Last Friday, when I first heard Chris’ two sample compositions, for part of The Speed of Darkness and for Then, they exceeded my expectations and I realized that her completely contemporary music will provide a bridge to Muriel’s work that my play alone would not.
This is the play’s story. Tina, a bit younger than me, is a technician at a minor commercial radio station, a singer and composer who’s creating a show of Muriel Rukeyser poems she’s set to music. A former single mother, recently she’s become responsible for her grand-daughter Kate and she comes in early for her shifts so she can work on her compositions in peace. At the beginning of the play, Tina’s assigned to a studio where Meredith works, a renowned radio host who’s on her way down and a breast cancer survivor. Years ago, when she and Tina knew each other, Meredith was one of the few women poets who local male poets sometimes included in their performances and Tina played covers and was a backing singer. They didn’t like each other at all. At first, the two women spar, even though they agree over current political issues about water use and abuse. They continue to disagree over the value of poetry as Tina works on her show through difficulties with Kate, and Meredith neglects her health at the same time as consuming breast milk yoghurts designed to boost immune function, made and sold by their entrepreneurial colleague, Grace. Eventually, Meredith gets sick again, becomes engaged with Muriel’s life and work, regrets not writing more poems, and dies. Tina, herself now with breast cancer, ends the play with Then, an affirmation of continuing to work as an artist.
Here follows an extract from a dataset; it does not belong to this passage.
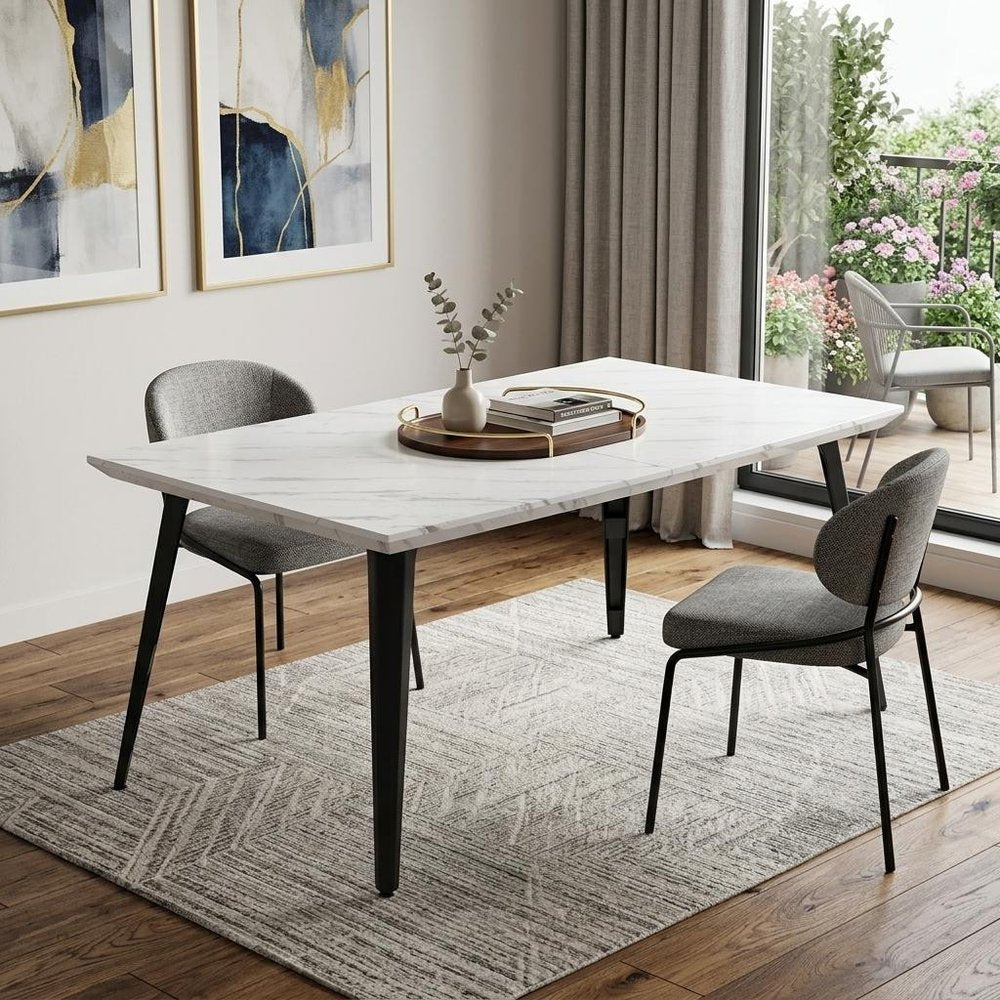 White and Black Faux Marble and Metal Dining Table - 63-inch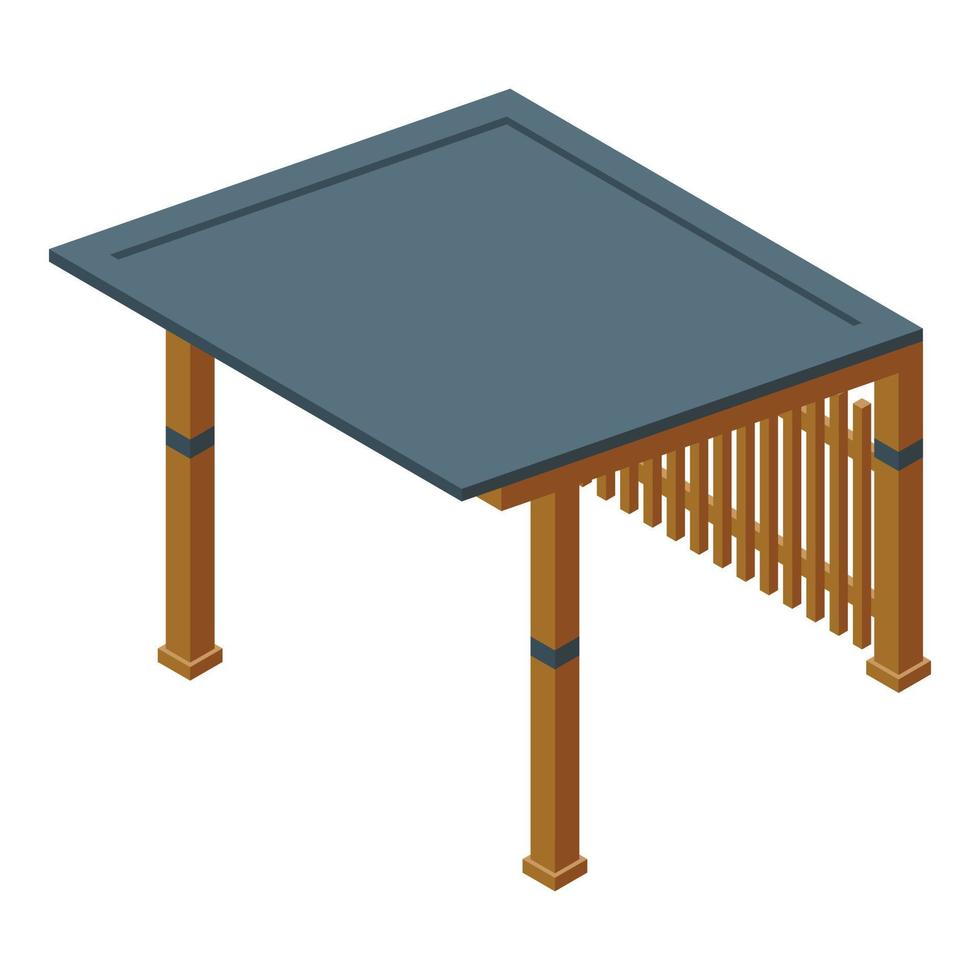 Wood pergola icon isometric vector. House construction vector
I’ve selected these scenes to show you the progress of Tina and Meredith’s relationship in the first half of the play and something of the relationship of the play to Muriel’s life and work. Please note that this is a READING, not a rehearsed performance or a film, though we’ve tried to make it interesting for you to watch and it’s on film because of distance. Because of time constraints it’s also not a final cut. It too is a work-in-progress.
After the clip, please do talk with us. We’d like to know what you enjoy and don’t enjoy. What works for you and what doesn’t work. What you don’t understand. Whether our accents are problematic. Whether the content feels foreign to you for other reasons. These things are important, because we want Throat of These Hours to be the best it can be. We want Throat of These Hours to entertain and to elicit vigorous responses. We also want it to provide a new pathway to Muriel Rukeyser’s work. And once it’s finished I’d like to bring to America. So we’d also love to hear suggestions about the best way we might bring it to audiences over there.